The most plausible autoantigen is the TSH-receptor as Graves' disease is caused by TSH-R-antibodies (TRAb) and TSH-R expression has been shown in the orbital tissue of EO patients (9,10). In addition, it has been showed a correlation between EO activity and the level of TRAb (11). Other autoantigens have been investigated, including several eye muscle antigens (12), acetylcholine receptor, thyroperoxidase, thyroglobulin (13) and alpha-fodrin (14) but with unconvincing results.
The question is if these patients with Graves' disease and EO should be treated with antithyroid drugs or ablative methods such as surgery, radioiodine therapy or both. Supporters of non-ablative thyroid treatment suggest that control of thyrotoxicosis with antithyroid drugs may be associated with a decrease of autoimmunity and consequently an improvement of ocular conditions; furthermore, once triggered, EO might proceed independently of thyroid treatment (15).
Thyroid resection may be justified by the pathogenic link between thyroid and orbit, so it makes sense to assume that removal of thyroid-orbit shared antigens and autoreactive T lymphocytes might be beneficial to the eye (16).
In our study, 64 % of the patients experienced an improvement of the EO postoperatively, but no correlation with the type of thyroidectomy could be established. These findings are supported by other studies - Witte et al noted an improvement of the EO after surgery in 74 % of the cases but no difference was noted between subtotal and total thyroidectomy (17).
A combination of thyroidectomy followed by radioiodine therapy, designed as total thyroid ablation, was shown to be associated with an improvement of clinical EO (18).
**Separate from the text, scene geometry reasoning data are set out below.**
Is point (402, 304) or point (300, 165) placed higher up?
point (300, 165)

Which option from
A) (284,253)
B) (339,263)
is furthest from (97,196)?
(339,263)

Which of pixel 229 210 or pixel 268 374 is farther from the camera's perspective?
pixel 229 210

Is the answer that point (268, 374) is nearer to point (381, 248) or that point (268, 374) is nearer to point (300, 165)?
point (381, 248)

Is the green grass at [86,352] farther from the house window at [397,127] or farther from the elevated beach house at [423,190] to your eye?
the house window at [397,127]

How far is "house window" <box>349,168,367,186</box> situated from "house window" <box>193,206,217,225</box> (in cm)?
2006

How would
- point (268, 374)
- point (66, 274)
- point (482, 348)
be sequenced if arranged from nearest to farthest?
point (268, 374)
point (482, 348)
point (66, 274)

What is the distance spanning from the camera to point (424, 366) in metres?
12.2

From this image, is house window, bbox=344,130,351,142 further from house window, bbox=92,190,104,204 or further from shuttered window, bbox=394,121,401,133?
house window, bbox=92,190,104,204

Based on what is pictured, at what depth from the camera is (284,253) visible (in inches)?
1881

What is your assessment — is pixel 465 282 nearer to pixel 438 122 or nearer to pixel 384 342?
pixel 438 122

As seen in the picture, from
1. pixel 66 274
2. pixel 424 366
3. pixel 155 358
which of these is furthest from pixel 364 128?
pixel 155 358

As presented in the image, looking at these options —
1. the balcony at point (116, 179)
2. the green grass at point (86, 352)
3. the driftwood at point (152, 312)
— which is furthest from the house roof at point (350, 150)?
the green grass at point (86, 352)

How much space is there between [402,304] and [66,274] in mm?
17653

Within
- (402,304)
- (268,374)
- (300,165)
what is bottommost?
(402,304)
Moreover, a recent randomized controlled clinical trial demonstrated that total thyroid ablation is followed by a better outcome of EO in patients given intravenous glucocorticoids, in comparison with surgery alone. (19).
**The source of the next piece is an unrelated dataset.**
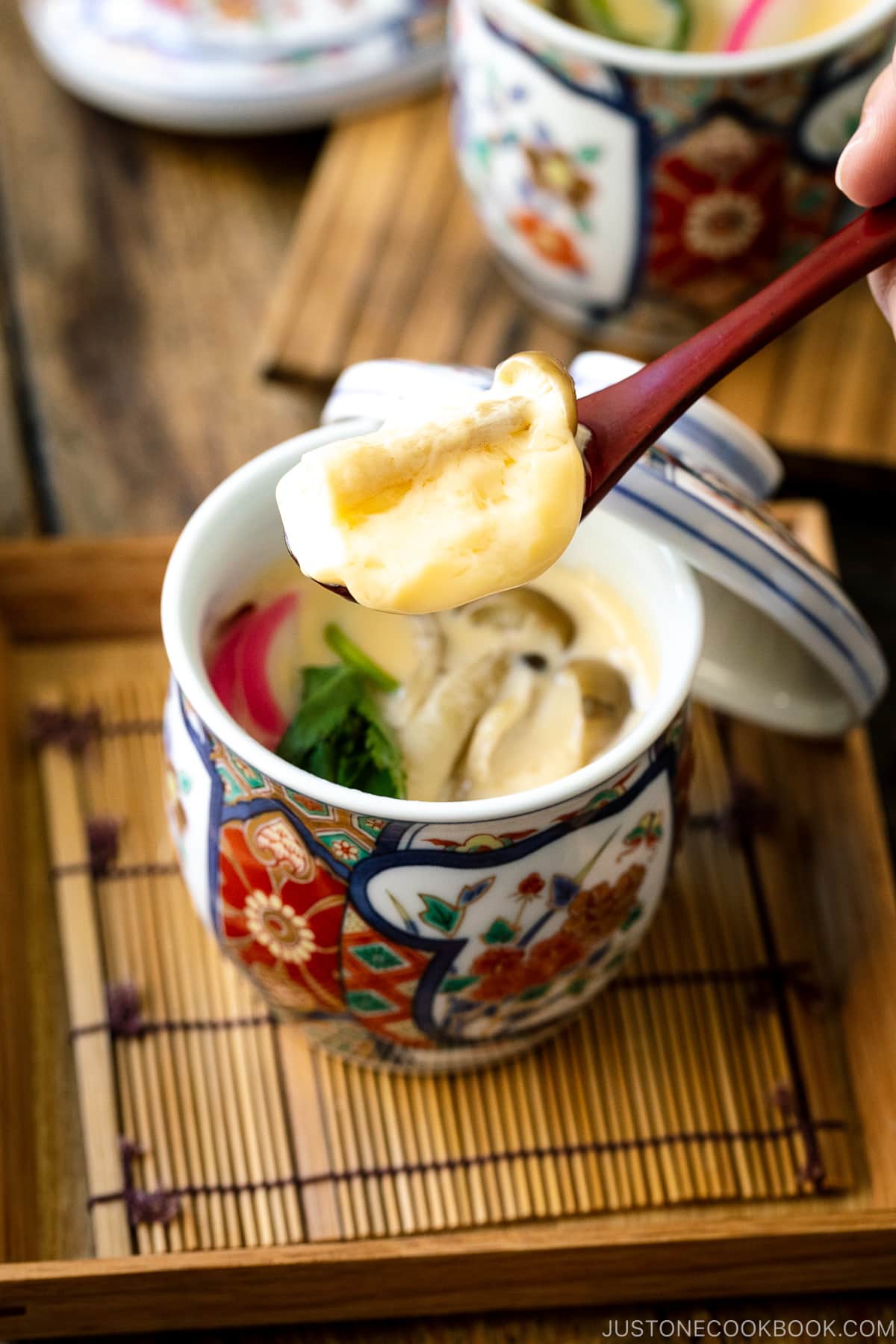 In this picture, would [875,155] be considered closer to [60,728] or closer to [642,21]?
[642,21]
The current data are not enough to support total thyroid ablation in all patients with clinically relevant ocular syndrome but it may be justified for the EO patients benefiting from thyroidectomy as the treatment of choice for their hyperthyroidism (2).
On the other hand, Perros et al followed over a period of 5 yrs the natural course of EO on 59 patients and showed a significant improvement in 20 %, a mild improvement in 40 %, no improvement in 20 % whereas in 20 % a worsening of ocular symptoms was noted (20). This high rate of spontaneous amelioration raises the question of the effectiveness of any of the treatment modalities mentioned above.
In conclusion, although the literature data are controversial, our results support the positive role of thyroidectomy in patients with Graves'orbitopathy, independent of the amount of thyroid tissue resected.